What you have to do: Please set down each of the lines below once more, exactly, omitting all pictures.

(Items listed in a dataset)

---

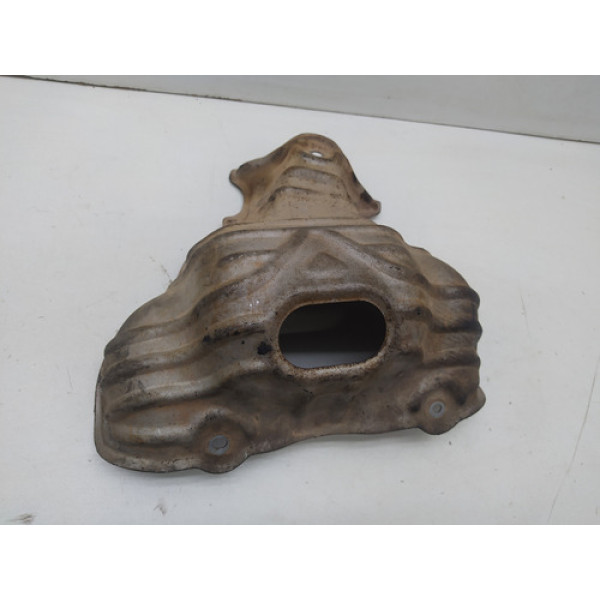 Protetor Defletor Calor Escapamento Honda Fit 1.4 2008 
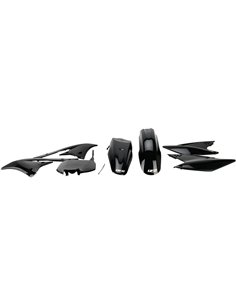 Kit de plàstics Kawasaki Kxf250 negre Kakit210E-001 UFO-Plast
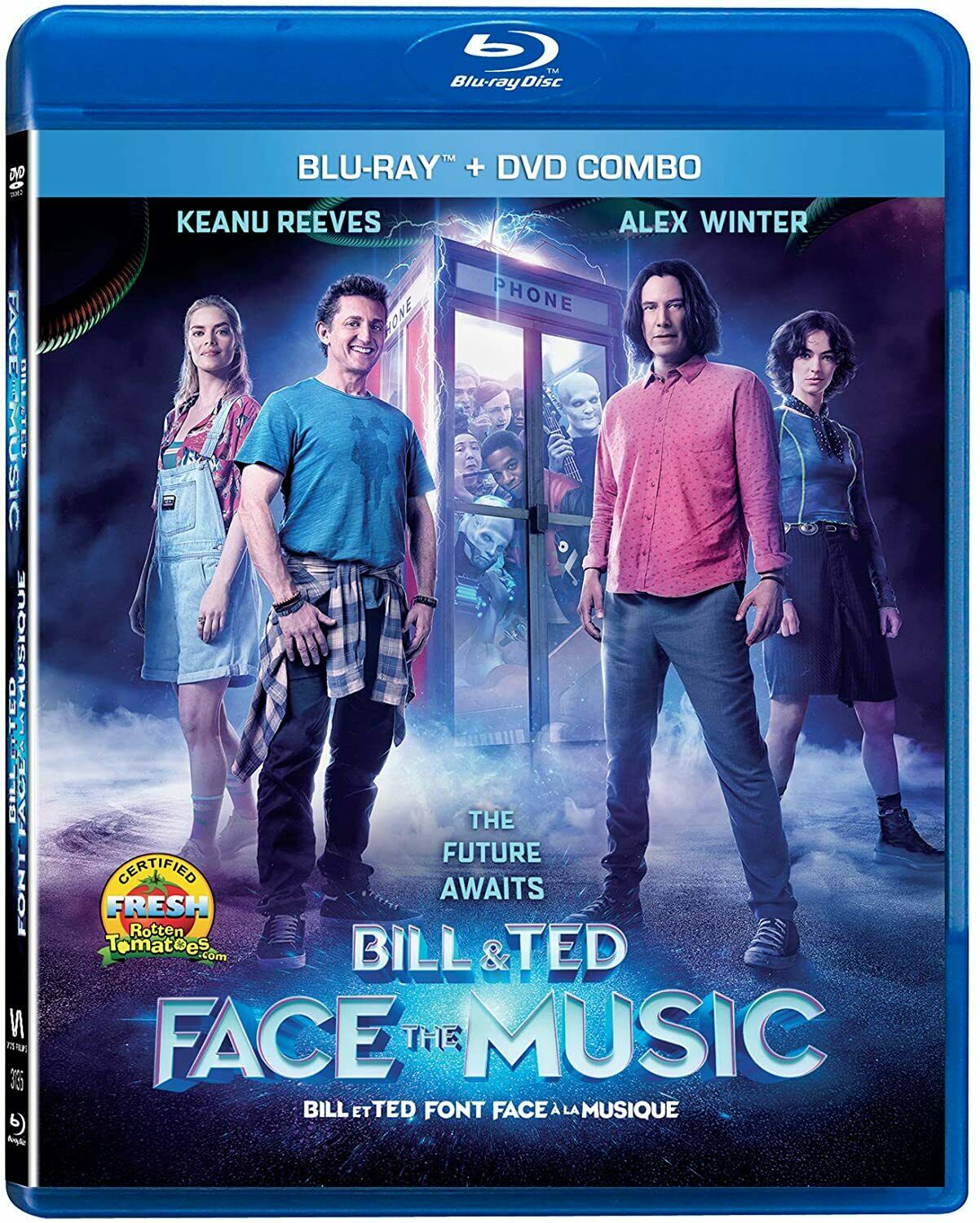 Bill And Ted 3 Canadian BluRay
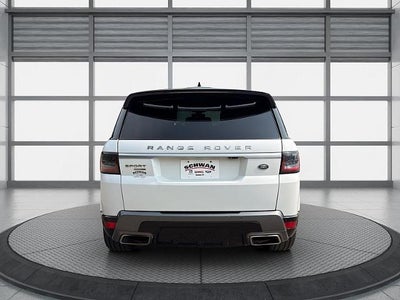 2019 Land Rover Range Rover Sport HSE
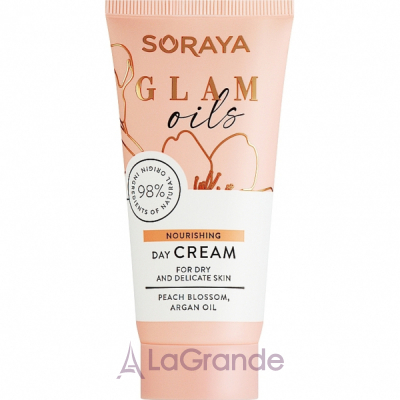 Soraya Glam Oils Nourishing Day Cream       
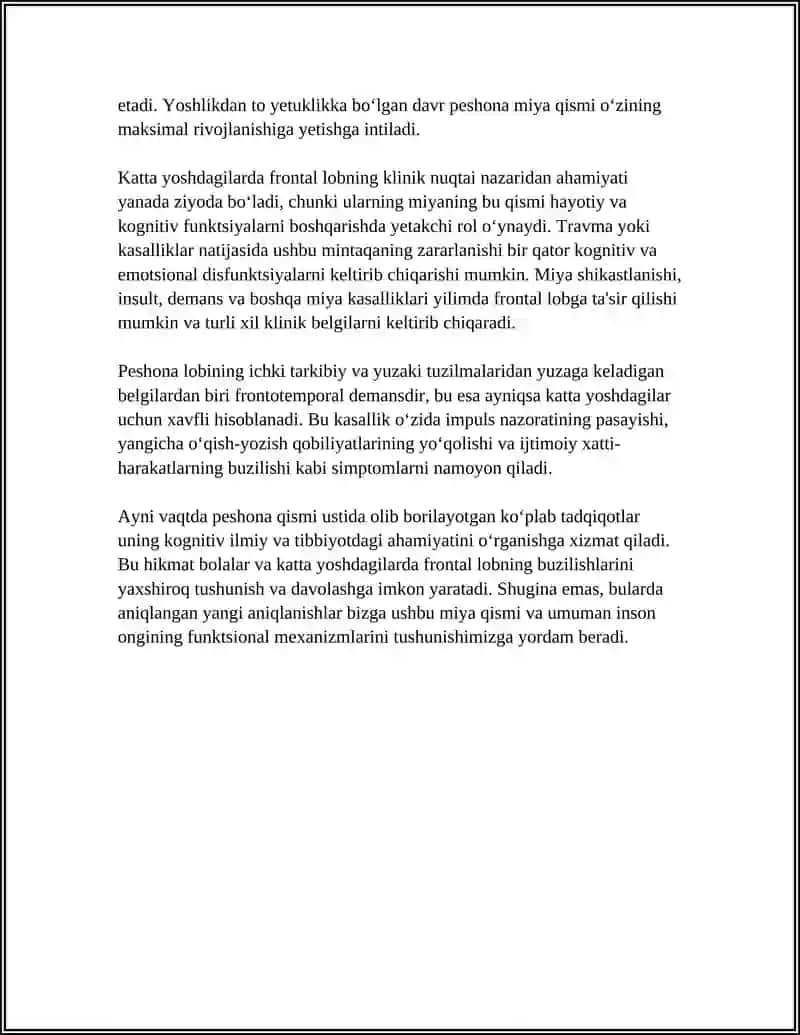 BOLALARDA VA KATTALARDA KALLA SOXASI MIYA QISMINING KLINIK ANATOMIYASI 4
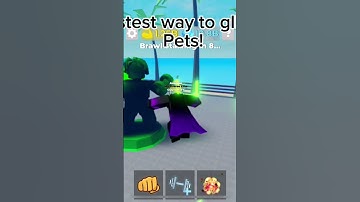 FASTEST WAY TO GLITCH PETS IN MUSCLE LEGENDS #glitch #muscle #musclelegends #pet #roblox #robux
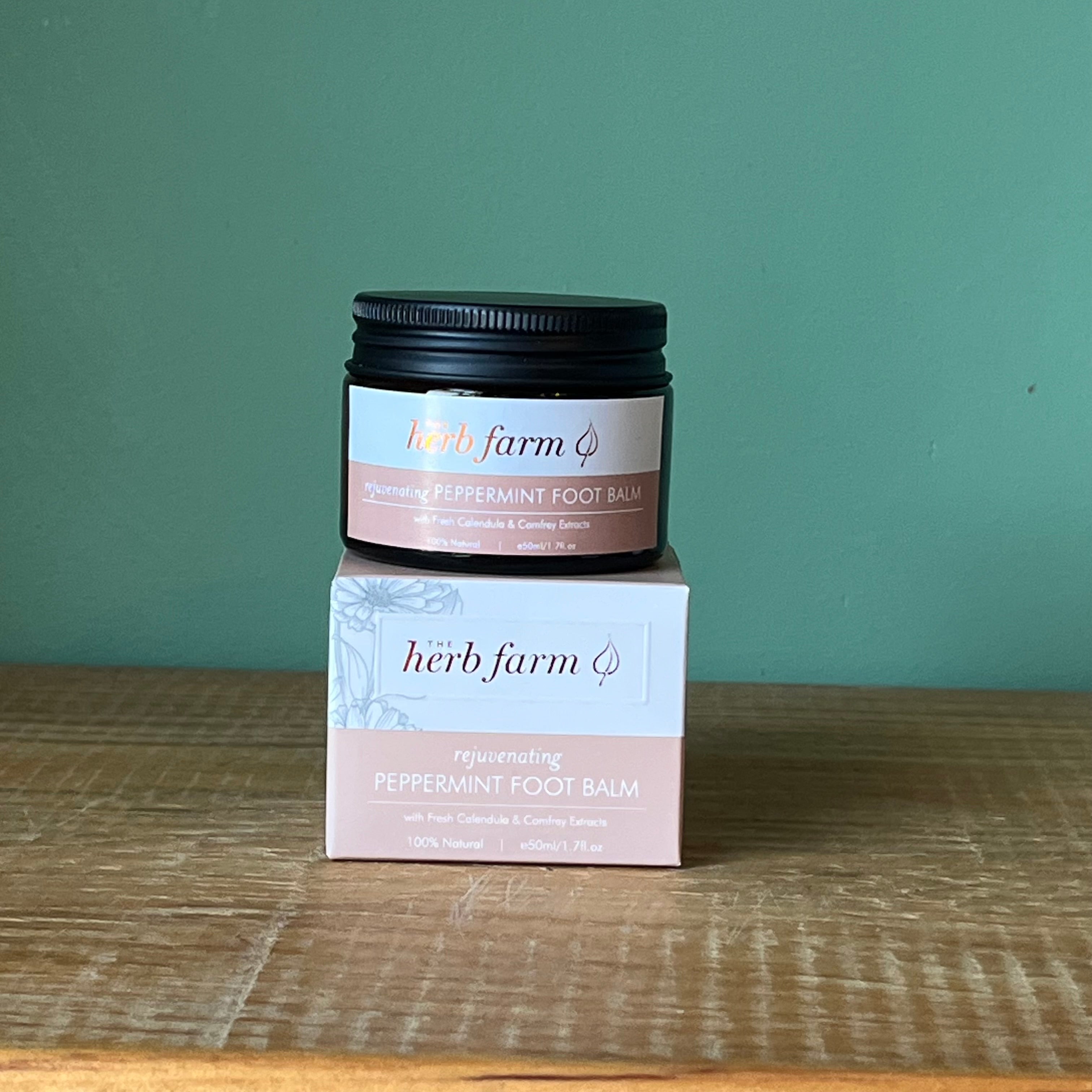Rejuvenating Peppermint Foot Balm - The Herb Farm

---

Result of this exercise:
 Protetor Defletor Calor Escapamento Honda Fit 1.4 2008 
 Kit de plàstics Kawasaki Kxf250 negre Kakit210E-001 UFO-Plast
 Bill And Ted 3 Canadian BluRay
 2019 Land Rover Range Rover Sport HSE
 Soraya Glam Oils Nourishing Day Cream       
 BOLALARDA VA KATTALARDA KALLA SOXASI MIYA QISMINING KLINIK ANATOMIYASI 4
 FASTEST WAY TO GLITCH PETS IN MUSCLE LEGENDS #glitch #muscle #musclelegends #pet #roblox #robux
Rejuvenating Peppermint Foot Balm - The Herb Farm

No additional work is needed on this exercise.